- 1 cup fine bulgur
- 2 cups warm water
- 2 cups mashed cooked pumpkin (about 2 1/2 pounds raw) or 16 ounces pure-pack canned pumpkin
- 1 cup whole-wheat or unbleached all-purpose flour
- 1/2 cup cold water
- 1 onion, chopped
- 3 to 4 cloves garlic, minced
- About 1/2 teaspoon table salt or 1 teaspoon kosher salt
- 1/2 teaspoon ground coriander
- 1/2 teaspoon ground black pepper
- 1/4 teaspoon ground allspice
- 1/4 teaspoon ground cumin
- Pinch of Aleppo or cayenne pepper
- Vegetable oil for frying
- Put the bulgur in a medium bowl, add the warm water, and let soak for 30 minutes. Drain.

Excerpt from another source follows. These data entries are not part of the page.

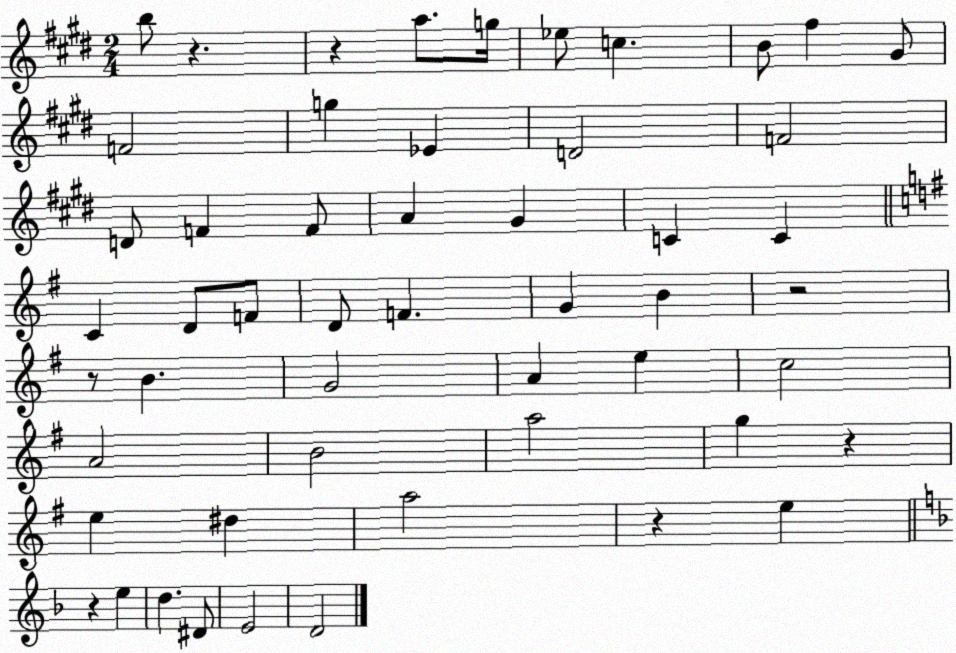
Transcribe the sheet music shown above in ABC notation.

X:1
T:Untitled
M:2/4
L:1/4
K:E
b/2 z z a/2 g/4 _e/2 c B/2 ^f ^G/2 F2 g _E D2 F2 D/2 F F/2 A ^G C C C D/2 F/2 D/2 F G B z2 z/2 B G2 A e c2 A2 B2 a2 g z e ^d a2 z e z e d ^D/2 E2 D2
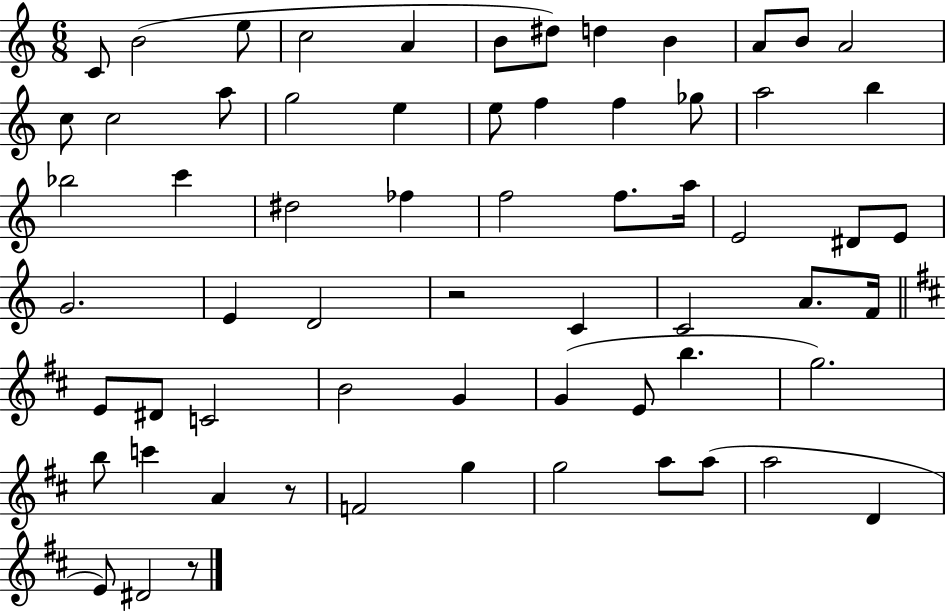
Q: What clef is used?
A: treble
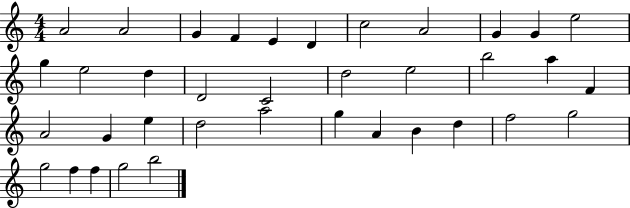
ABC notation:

X:1
T:Untitled
M:4/4
L:1/4
K:C
A2 A2 G F E D c2 A2 G G e2 g e2 d D2 C2 d2 e2 b2 a F A2 G e d2 a2 g A B d f2 g2 g2 f f g2 b2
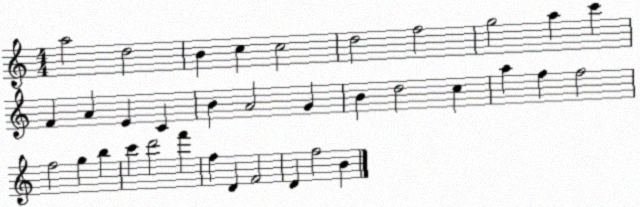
X:1
T:Untitled
M:4/4
L:1/4
K:C
a2 d2 B c c2 d2 f2 g2 a c' F A E C B A2 G B d2 c a f f2 f2 g b c' d'2 f' f D F2 D f2 B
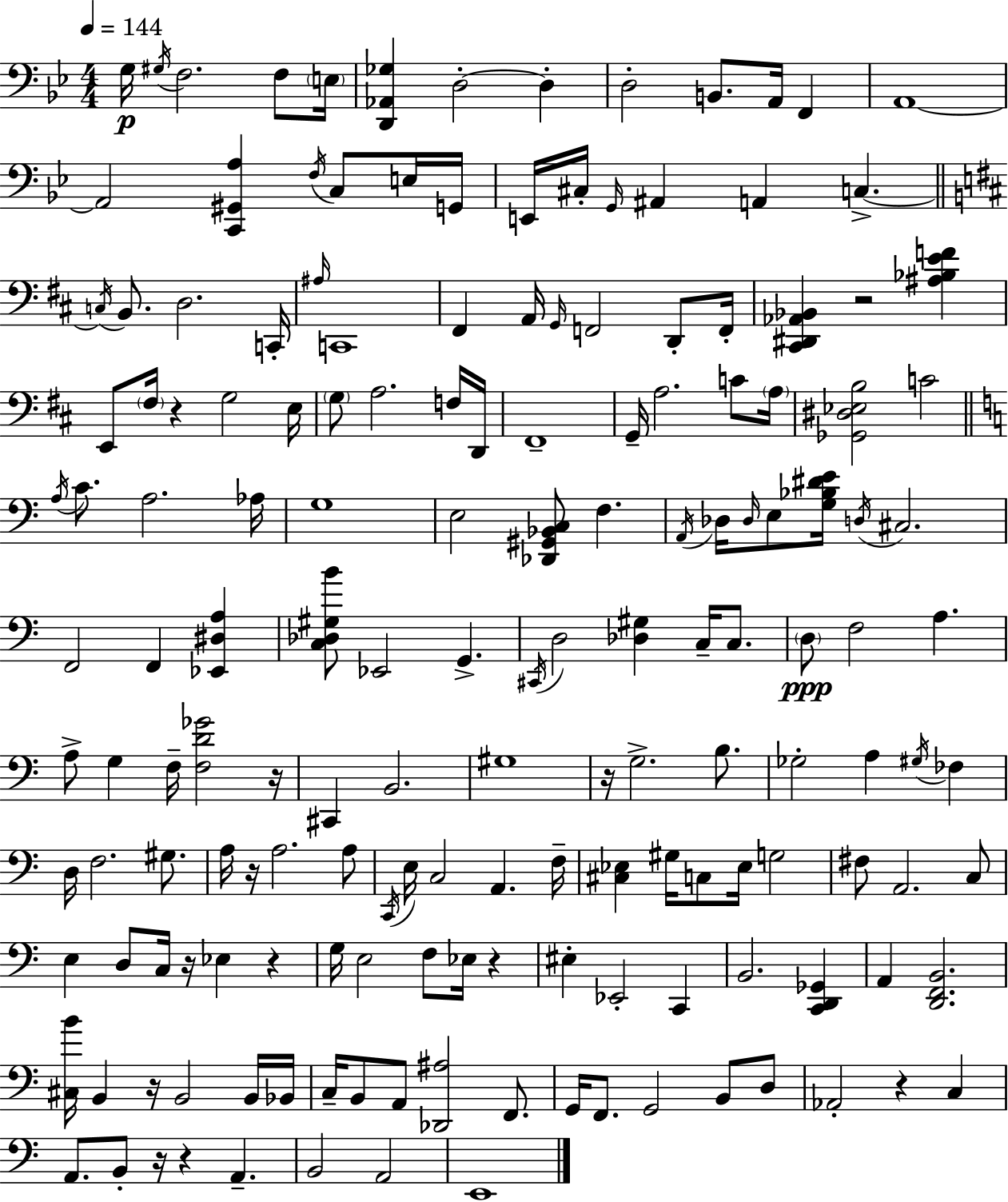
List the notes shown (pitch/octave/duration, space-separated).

G3/s G#3/s F3/h. F3/e E3/s [D2,Ab2,Gb3]/q D3/h D3/q D3/h B2/e. A2/s F2/q A2/w A2/h [C2,G#2,A3]/q F3/s C3/e E3/s G2/s E2/s C#3/s G2/s A#2/q A2/q C3/q. C3/s B2/e. D3/h. C2/s A#3/s C2/w F#2/q A2/s G2/s F2/h D2/e F2/s [C#2,D#2,Ab2,Bb2]/q R/h [A#3,Bb3,E4,F4]/q E2/e F#3/s R/q G3/h E3/s G3/e A3/h. F3/s D2/s F#2/w G2/s A3/h. C4/e A3/s [Gb2,D#3,Eb3,B3]/h C4/h A3/s C4/e. A3/h. Ab3/s G3/w E3/h [Db2,G#2,Bb2,C3]/e F3/q. A2/s Db3/s Db3/s E3/e [G3,Bb3,D#4,E4]/s D3/s C#3/h. F2/h F2/q [Eb2,D#3,A3]/q [C3,Db3,G#3,B4]/e Eb2/h G2/q. C#2/s D3/h [Db3,G#3]/q C3/s C3/e. D3/e F3/h A3/q. A3/e G3/q F3/s [F3,D4,Gb4]/h R/s C#2/q B2/h. G#3/w R/s G3/h. B3/e. Gb3/h A3/q G#3/s FES3/q D3/s F3/h. G#3/e. A3/s R/s A3/h. A3/e C2/s E3/s C3/h A2/q. F3/s [C#3,Eb3]/q G#3/s C3/e Eb3/s G3/h F#3/e A2/h. C3/e E3/q D3/e C3/s R/s Eb3/q R/q G3/s E3/h F3/e Eb3/s R/q EIS3/q Eb2/h C2/q B2/h. [C2,D2,Gb2]/q A2/q [D2,F2,B2]/h. [C#3,B4]/s B2/q R/s B2/h B2/s Bb2/s C3/s B2/e A2/e [Db2,A#3]/h F2/e. G2/s F2/e. G2/h B2/e D3/e Ab2/h R/q C3/q A2/e. B2/e R/s R/q A2/q. B2/h A2/h E2/w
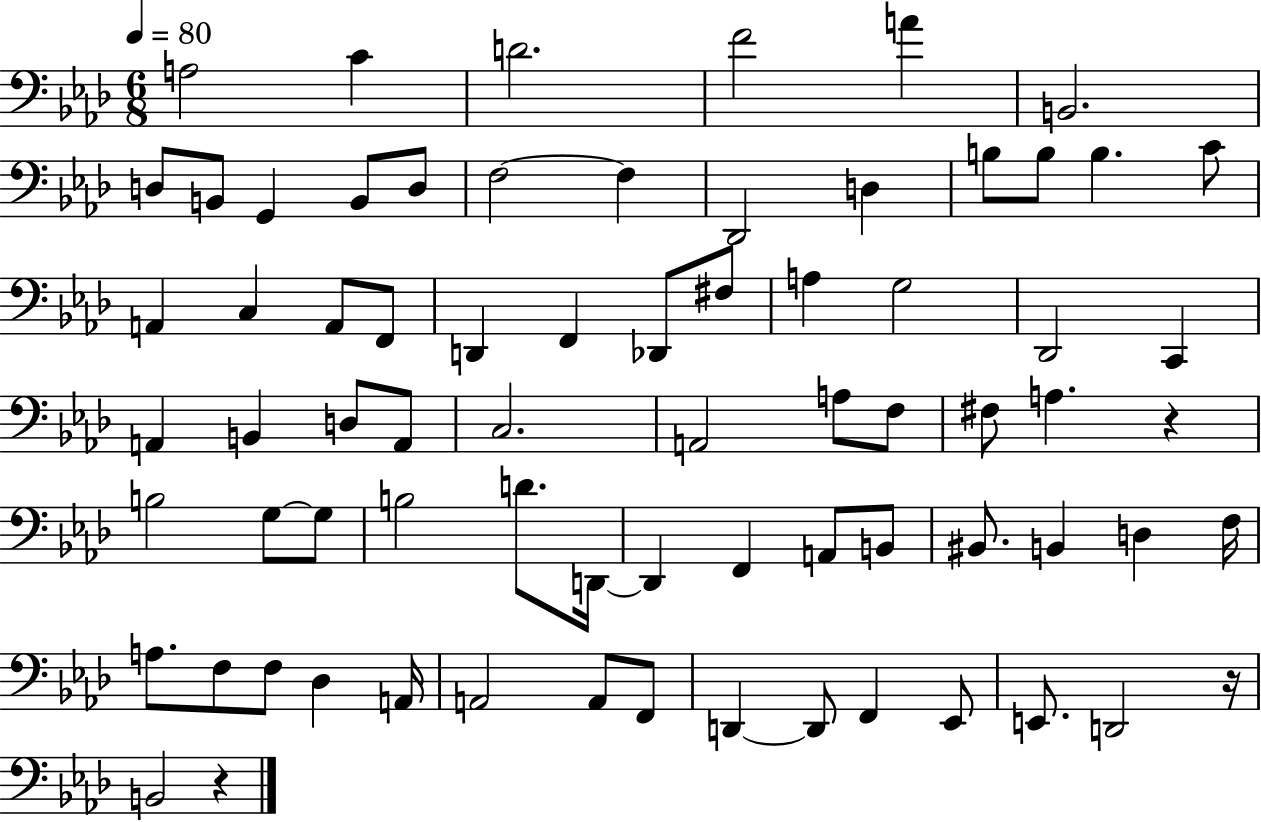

- Transfer the bulgur to a food processor. Add all of the remaining ingredients except the oil and process until smooth. If the mixture is too thin, add a little more flour. Using floured hands, shape into oval patties about 2 inches long, 1 inch wide, and 1/2 inch thick, tapering the ends.
- Heat 1/4 inch oil in a large skillet over medium heat. In batches, fry the patties, turning once, until golden brown, about 2 minutes per side. Serve warm or at room temperature.
- This batter is looser than the bulgur version and is dropped from a spoon. Omit the bulgur, the 1/2 cup cold water, the onion, garlic, coriander, pepper, allspice, cumin, and Aleppo pepper. Add 3 large eggs, 2 to 8 tablespoons granulated or packed brown sugar, 2 teaspoons ground cinnamon, 1/2 teaspoon freshly ground nutmeg, and a pinch of ground ginger.
- Spread the pumpkin mixture in an oiled 9-inch square baking pan. Cut into diamonds or 1 1/2-inch squares, drizzle with 1/4 cup vegetable oil, and bake in a preheated 375°F oven until golden brown, about 45 minutes.